◆ Work item
Each line below should be repeated exactly, but no picture should be carried over.

◆ Input material
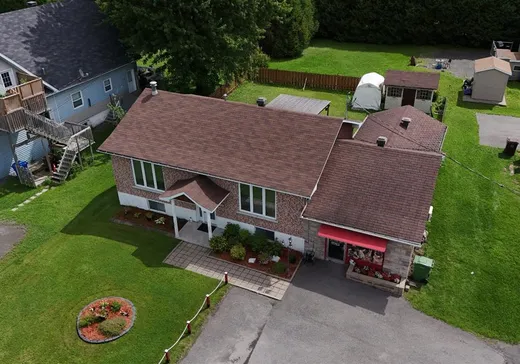 Propriété commerciale à vendre - 2153 Boul. Ste-Sophie, Saint-Jérôme, J5J2P6
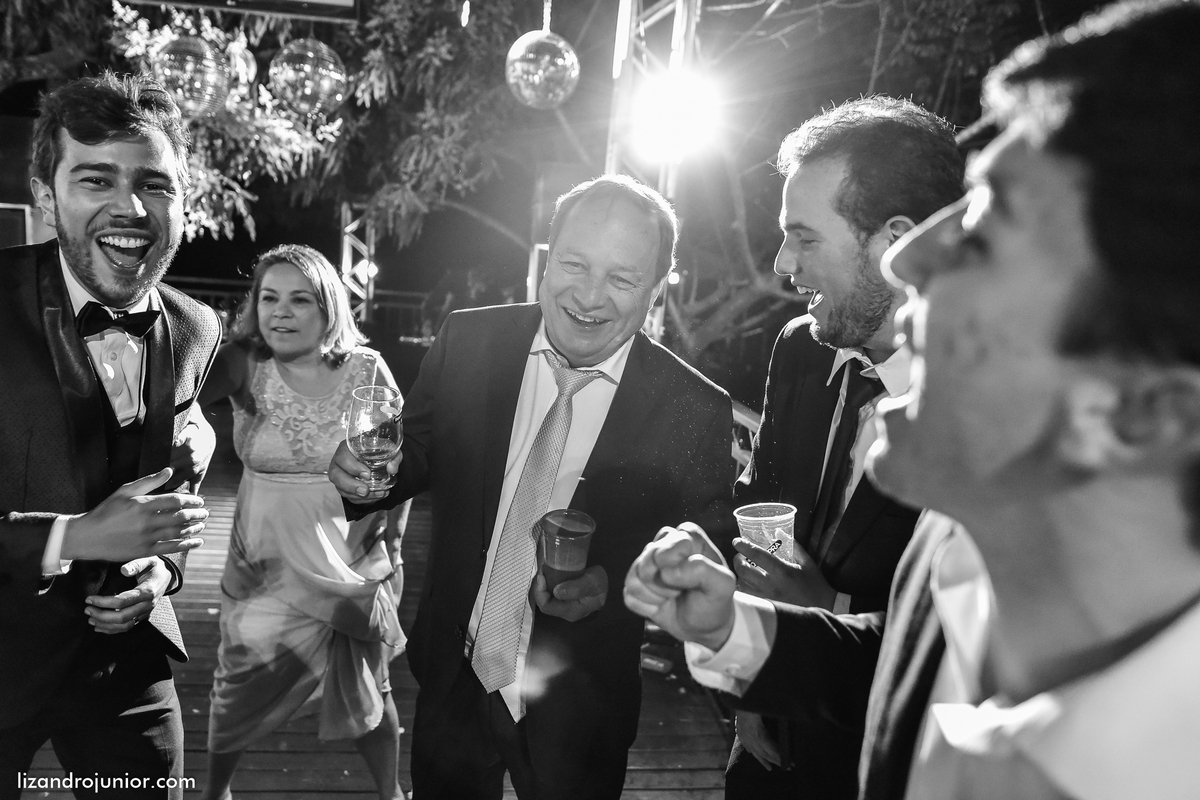 lizandro junior, fotografo de casamento patos de minas, foto de casamento, casamento patos de minas, lizandro júnior, géssica e renato, noivos, ensaio noivos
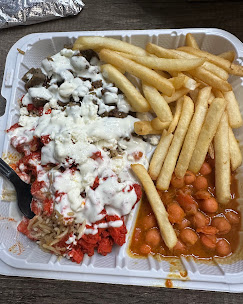 Big Red Halal atmosphere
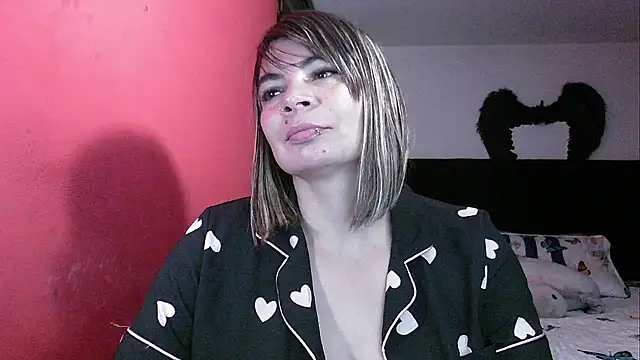 charlotedoll's cam snapshot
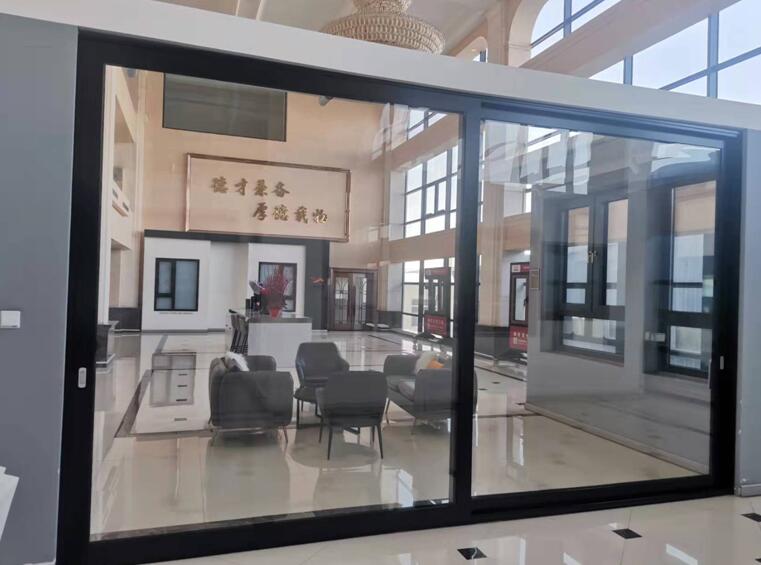 ����������������T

◆ Task answer
 Propriété commerciale à vendre - 2153 Boul. Ste-Sophie, Saint-Jérôme, J5J2P6
 lizandro junior, fotografo de casamento patos de minas, foto de casamento, casamento patos de minas, lizandro júnior, géssica e renato, noivos, ensaio noivos
 Big Red Halal atmosphere
 charlotedoll's cam snapshot
 ����������������T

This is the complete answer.